The sea is not your friend, it is your master. That was what her mind said. But friend or master, the whoosh of the sea was gentle as it lapped against the shore. Slowly it receded, taking bits of sand, sticks and plastic with it and leaving behind a stone or two, a shell and maybe a rusted tin can from places far away and some sea weeds as gifts from its depths. Little specks of light in the distance, illuminate the ships waiting to enter the harbor, outlining their vague shadowy presence on the deep dark sea. She sat on the beach, her hands wrapped around her legs and looked out to the roaring darkness covered in patches of frothy foam. She had been driving around since she left home at seven. She avoided the malls because she didn’t want to run into anyone she knew and she didn’t go to a bar because they were usually crowded at that time with rambunctious men, watching the European league on big screens.

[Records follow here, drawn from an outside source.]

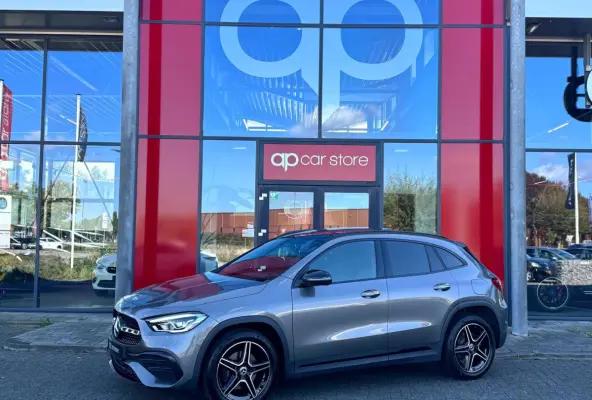 250 e AMG Line | Panorama | Camera | Parksens | Sfeerverlichting | Carplay | Keyless | BTW Auto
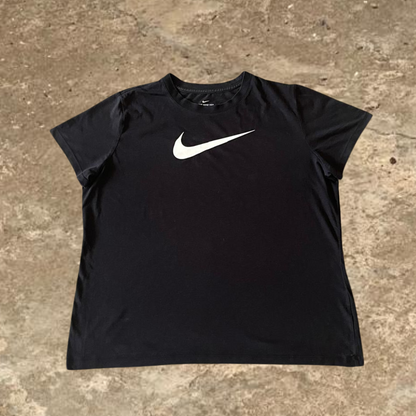 The Nike Tee Large Black Tee
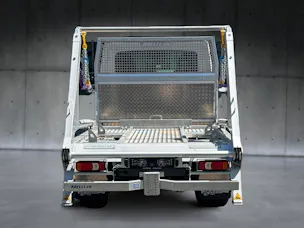 Iveco eDaily 50C14E mit Wechselladekipper WELAKI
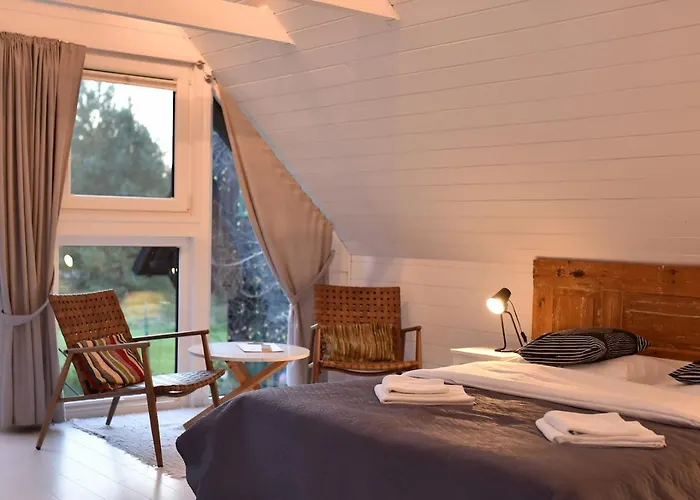 Homestay Gosciniec Szuwary *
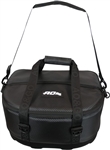 AO Coolers AOCRSNGBK 38 Can Carbon Stow-N-Go Cooler, Black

At eleven, a whole hour before the meeting, she came to wait at the beach. She sat in her car and listened to music on the radio. There were two or three other cars still around, silent with smooching lovers. By eleven-thirty, the parking area was deserted. The last of the cars had driven off some five minutes earlier. There were no security lights, so she left her car and went on the beach because she thought it would be safer there. With her dark brown blouse and blue-black skirt, she would at least blend in with the darkness. She could have gone to the party before coming, but how to leave would have been the problem. They hadn’t decided on the time they were going to make the announcement and until then, she didn’t think there was an excuse she could give to leave the party.

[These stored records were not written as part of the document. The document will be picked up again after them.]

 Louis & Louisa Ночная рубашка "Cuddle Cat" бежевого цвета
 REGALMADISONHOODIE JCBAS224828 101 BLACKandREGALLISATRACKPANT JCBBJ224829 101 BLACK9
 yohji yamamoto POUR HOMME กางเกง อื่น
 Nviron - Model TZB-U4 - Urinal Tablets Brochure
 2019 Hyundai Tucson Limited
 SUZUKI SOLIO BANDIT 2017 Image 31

It was funny, in a rather awkward way. Alfred didn’t like parties, but it was his birthday and he had decided to throw the party so that they could make the announcement of their wedding date together, in a rather, novel way. They had spent three weeks thinking of how to go about it, but only one of their ideas held some promise: sometime during the party, they would both disappear briefly to change into clothes made from identical fabrics with identical embroideries on the sleeves. Then after cueing in the DJ, they would re-enter with a dance. They had been rehearsing for a week. What a disaster! She could just imagine how it would have gone; both of them, arms and legs flailing all over the place and treading on the feet and toes of their guests, turning everything upside down. Aside from the planned spectacular entry which had high prospects of turning disastrous, both of them had actually been looking forward to the party. At the last minute, she had called to tell him she couldn’t make it because there had been an impromptu change and she was working the night shift at the hospital. There was no way she could have stayed at home. Her parents knew Alfred was having a party and they would have asked questions; her mother would even have called him to find out if they had quarreled.

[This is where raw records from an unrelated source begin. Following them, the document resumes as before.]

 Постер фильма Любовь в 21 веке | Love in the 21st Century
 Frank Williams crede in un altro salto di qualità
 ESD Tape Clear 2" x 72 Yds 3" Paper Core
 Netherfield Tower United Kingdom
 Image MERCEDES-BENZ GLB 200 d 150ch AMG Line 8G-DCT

One day when they were both old and wrinkled, with arthritis eating at her joints and the gout in his legs acting up, and the children away living their own lives, they will sit together on stuffed cushions on a woven cane sofa on the porch of their home and watch the moon and the stars in the sky while geckos gobbled up grayish brown moths fluttering about the fluorescent light tube, then she will tell him. She would say, “remember the day you turned thirty-five? When I couldn’t make it to your party?” he will nod and say, “I remember, you had to do the night shift at the hospital,” then she will place a wrinkled hand on his arm, smile and continue, “Well, If I hadn’t cancelled, I wouldn’t be here with you today” Then she would go on to tell him everything so that she would go to her grave happy knowing that she had kept no secrets from him.
She slapped her leg. The beach was buzzing with mosquitoes and she was their sole victim. She could almost see the puffy, acne ridden face of her supervisor looking at her as if they were having a quarrel and asking, “which person in her right senses would wear a short skirt to the beach at night?”
Seriously, Perfect didn’t know what that woman’s beef was. It was as if she was in some sort of competition with her; to see who was smarter, more hardworking… prettier. What she couldn’t compete with, she criticized.
If Perfect came to work in stilettos, her supervisor would tell her she was not practical, even though she always changed into flat, rubber-soled shoes immediately. If Perfect came to work with her face painted blue, the next day her supervisor would come to work with her face painted green. Whenever Perfect fixed a patient’s IV, her supervisor was quick to point out that she had not adjusted it right and it was dripping too fast, “why,” she would say, “Do you want to kill the patient or what?” if it was dripping too slow she would ask Perfect if she thought the drip was going to stay on the patient forever. Sometimes Perfect felt like slapping her puffy face or hitting her on the head with something… anything, but always she kept a smile plastered on her face, did and said nothing.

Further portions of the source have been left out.